**Exercise details**
Transcribe exactly, and only, the lines running from the one that contains "Your Friends and" through the last line of the material. No pictures.

**Data provided**

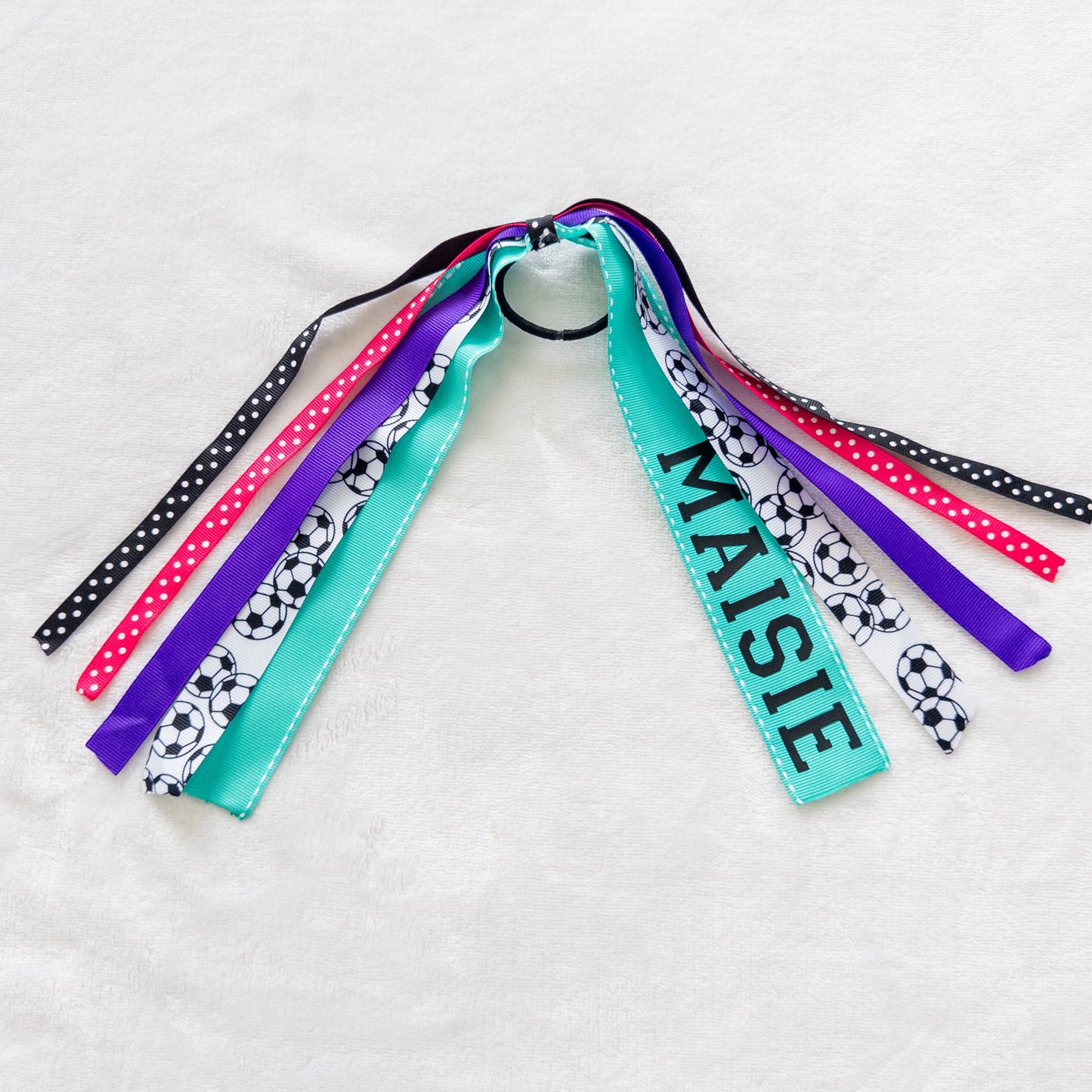 Custom Sports Ponytail Ribbon Streamer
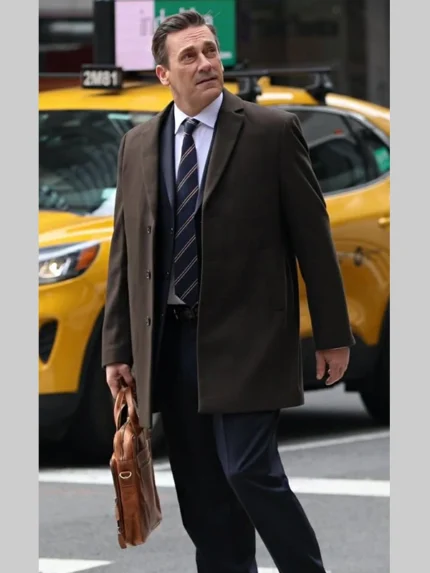 Your Friends and Neighbors Jon Hamm Brown Coat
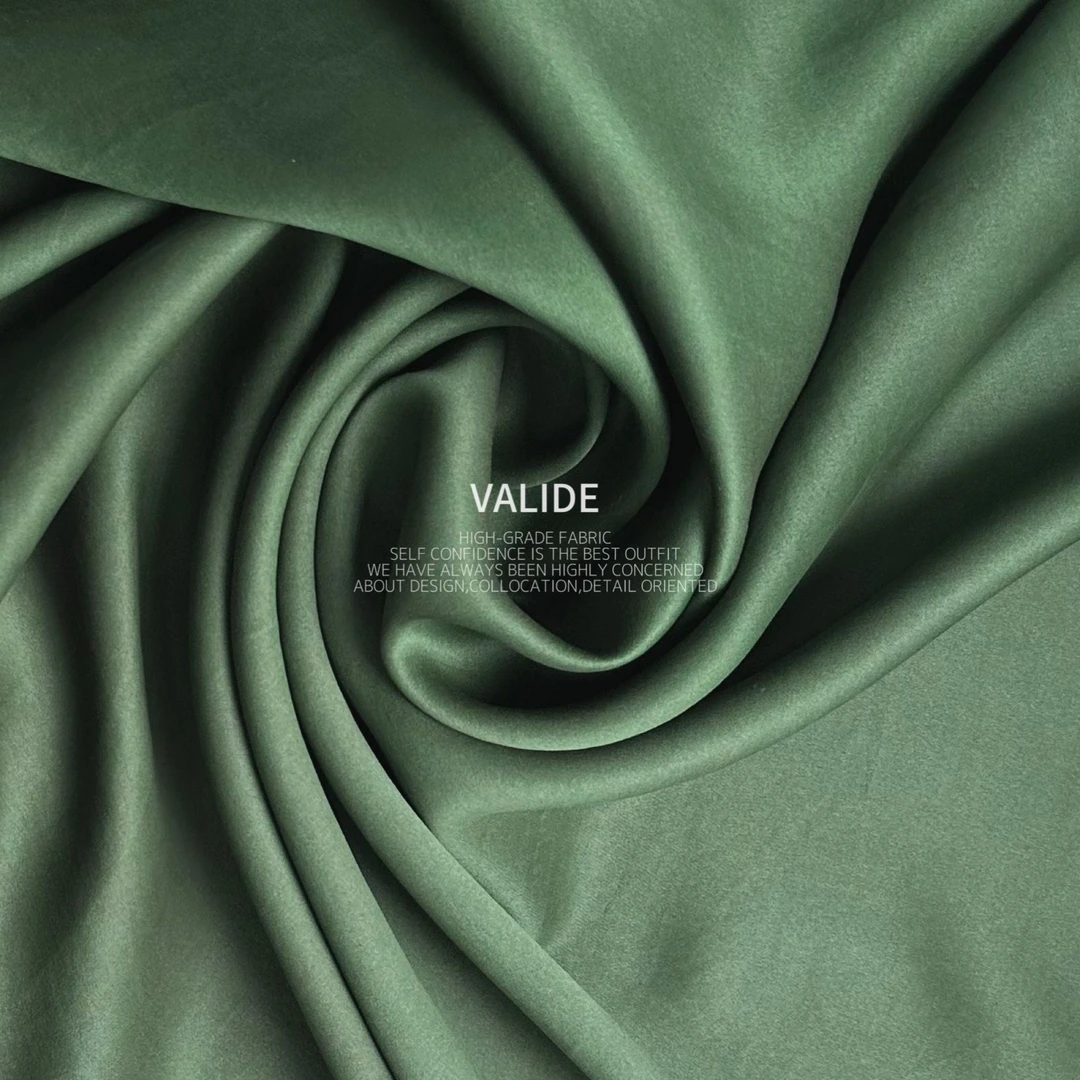 22姆米真丝面料桑蚕丝素色香云纱旗袍外套时装丝绸布料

**Task output**
 Your Friends and Neighbors Jon Hamm Brown Coat
 22姆米真丝面料桑蚕丝素色香云纱旗袍外套时装丝绸布料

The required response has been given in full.